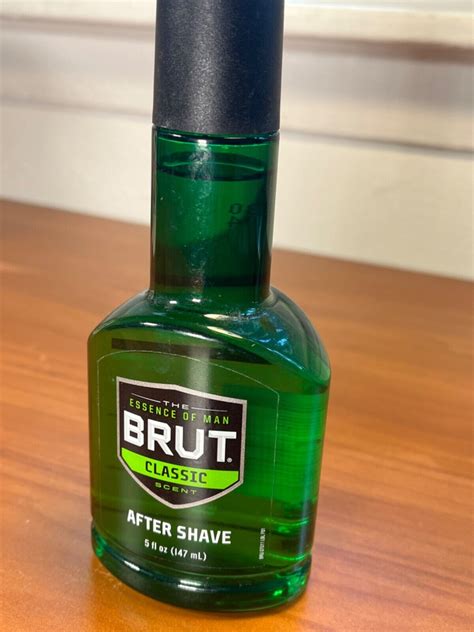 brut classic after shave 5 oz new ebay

--

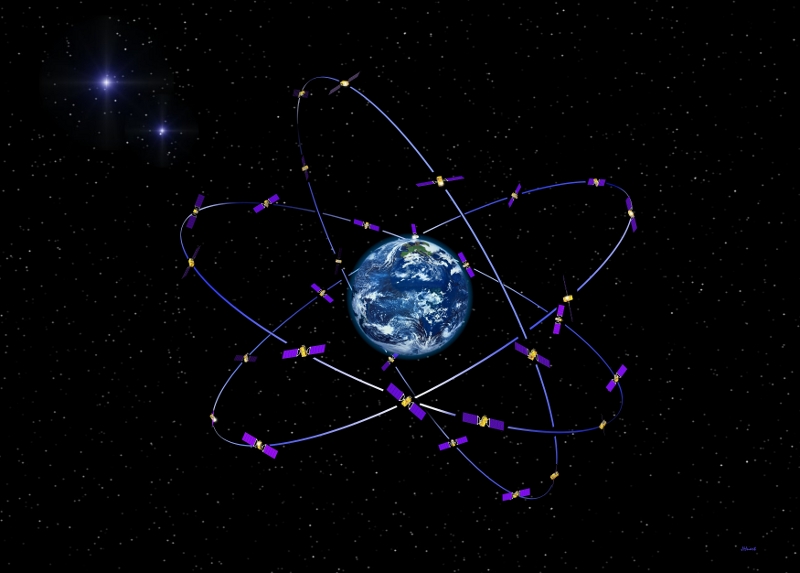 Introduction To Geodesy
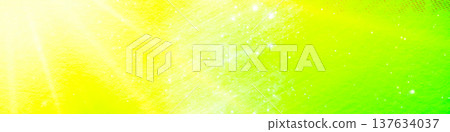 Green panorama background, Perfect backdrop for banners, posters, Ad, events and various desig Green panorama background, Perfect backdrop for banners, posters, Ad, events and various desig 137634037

- WHAT TO DO: Your answer must be everything above from the line with "Introduction To Geodesy" down to the line with "various desig 137634037", word for word, and no pictures.

- SOLUTION FOR THIS TASK:
 Introduction To Geodesy
 Green panorama background, Perfect backdrop for banners, posters, Ad, events and various desig Green panorama background, Perfect backdrop for banners, posters, Ad, events and various desig 137634037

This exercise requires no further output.